Federal Corruption Probe Hits Home for UAW Boss, Contract Talks Under ‘Storm Cloud’

Federal Corruption Probe Hits Home for UAW Boss, Contract Talks Under ‘Storm Cloud’
UAW President Gary Jones (L) shakes hands with Ford Motor Co Chairman Bill Ford at the start of contract talks between the union and the automaker in Detroit, Michigan, U.S., on July 15, 2019. (Nick Carey/File Photo/Reuters)
Reuters
8/28/2019
Updated:
8/28/2019

DETROIT—The FBI on Wednesday conducted searches at the home of United Auto Workers (UAW) President Gary Jones, a union retreat, and multiple other locations as part of a corruption probe into illegal payments to union officials, posing fresh problems for the union at a pivotal time.

News of the FBI action came as the UAW, a once powerful force in the organized labor movement, holds sensitive contract talks with Detroit automakers General Motors Co , Ford Motor Co and Fiat Chrysler Automobiles NV (FCA) .

United Auto Workers (UAW) union President Gary Jones addresses UAW delegates at the 'Special Convention on Collective Bargaining' in Detroit, Michigan, U.S. on March 13, 2019. (Rebecca Cook/Reuters)
United Auto Workers (UAW) union President Gary Jones addresses UAW delegates at the 'Special Convention on Collective Bargaining' in Detroit, Michigan, U.S. on March 13, 2019. (Rebecca Cook/Reuters)

The current four-year contract expires on Sept 14.

“This round of contract negotiations was always going to be very difficult, even without the shadow of a federal investigation hanging over the union,” said Kristin Dziczek, vice president of industry, labor, and economics at the Ann Arbor, Michigan-based Center for Automotive Research (CAR). “That shadow has just become a giant storm cloud.”

Even if the FBI searches do not result in indictments, the expanded probe further undermines the confidence of rank-and-file UAW members in their union’s leadership, she added.

“That could make it very difficult to ratify a new contract,” Dziczek said, signaling a big potential downside for automakers as well as the union.

The FBI has been conducting a wide-ranging investigation into illegal payoffs to UAW officials by FCA.

To date, seven people linked to the union and the automaker have been sentenced in the government’s corruption investigation.

A former union official who represented the UAW at GM has also recently been charged with wire fraud.

The office of the U.S. Attorney in Detroit said the raids on Wednesday included the home of current UAW President Gary Jones in the western suburb of Canton.

A source familiar with the investigation said a raid had also been conducted on a residential address in Corona, California.
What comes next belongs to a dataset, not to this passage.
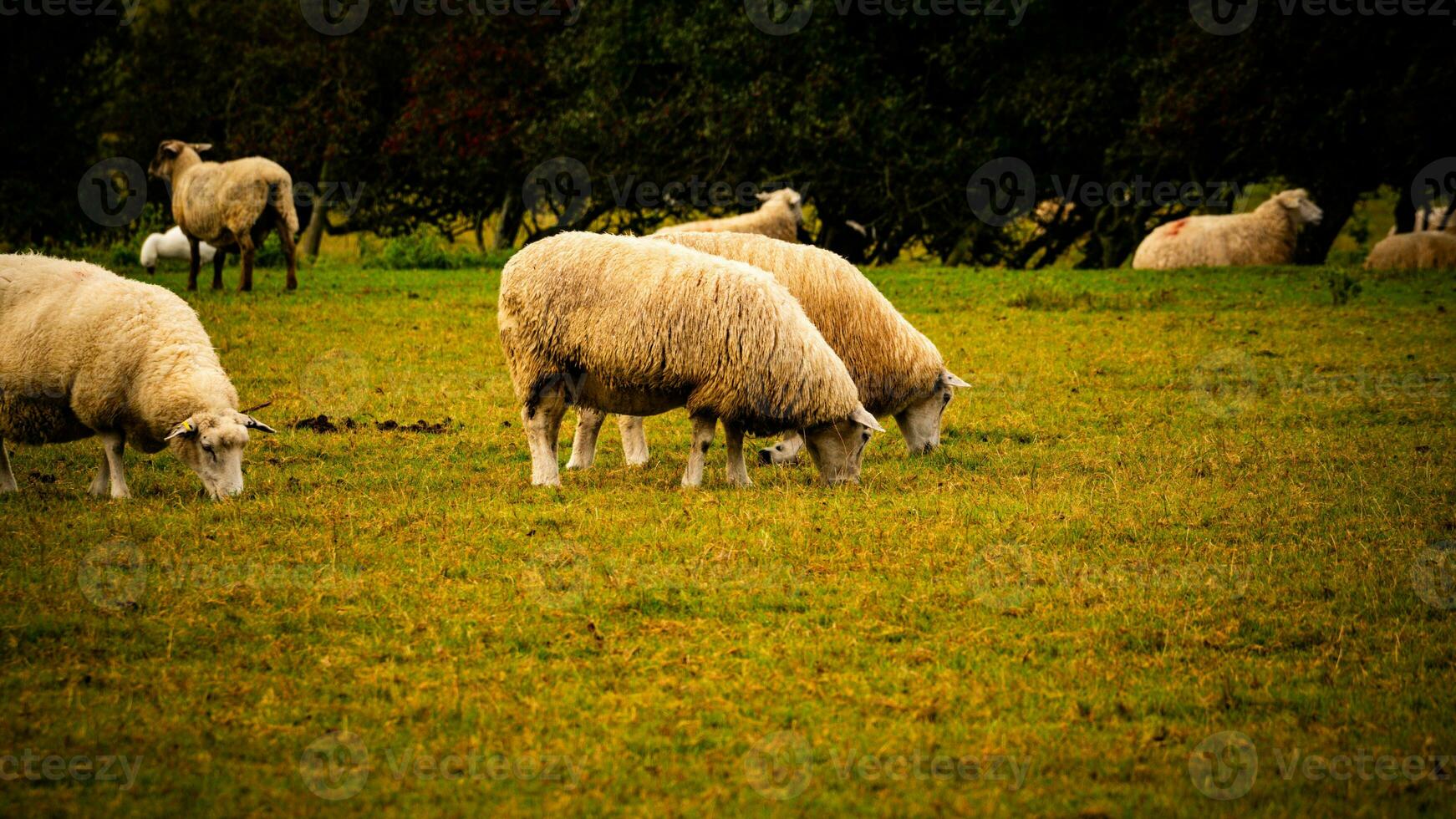 Herde von wollig Schaf auf ein Landschaft Bauernhof foto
Public records list former UAW President Dennis Williams and his wife as the owners.

FBI spokeswoman Mara Schneider said the agency had executed search warrants at six locations in Wisconsin, Missouri, Michigan, and California in connection with the probe, including at a regional UAW office in Missouri.

Throughout the two years since the corruption probe became public, the UAW and FCA have insisted that the illegal payment scheme involved just a few bad actors.

Jones, a certified public accountant, was elected president last year. Previously based in Kansas City, Missouri, as a regional director for the union, he was seen as an outsider who could help the organization move past the payments scandal.

But federal prosecutors have aggressively expanded the corruption probe.

The investigation itself was used by opponents of the UAW in a successful effort in June to block the union from representing hourly workers at Volkswagen AG’s assembly plant in Chattanooga, Tennessee. The FBI said it was also conducting searches at the UAW’s Black Lake retreat in northern Michigan and multiple other locations.

The UAW declined to comment on the raid on Jones’s home.

But in a statement, the union said it has always “fully cooperated” with investigators in the corruption probe.

“There was absolutely no need for search warrants to be used by the government today—the UAW has voluntarily responded to every request the government has made throughout the course of its investigation,” the union said.

This year’s contract talks were already expected to be contentious as U.S. new vehicle sales slow and automakers gear up to launch more electric vehicles, with healthcare costs, absenteeism, and profit sharing expected to be major sticking points.

Instead of focusing on which automaker the union would target first to conclude a contract—always a significant step in the negotiation process—both sides are now watching to see what emerges from Wednesday’s raids.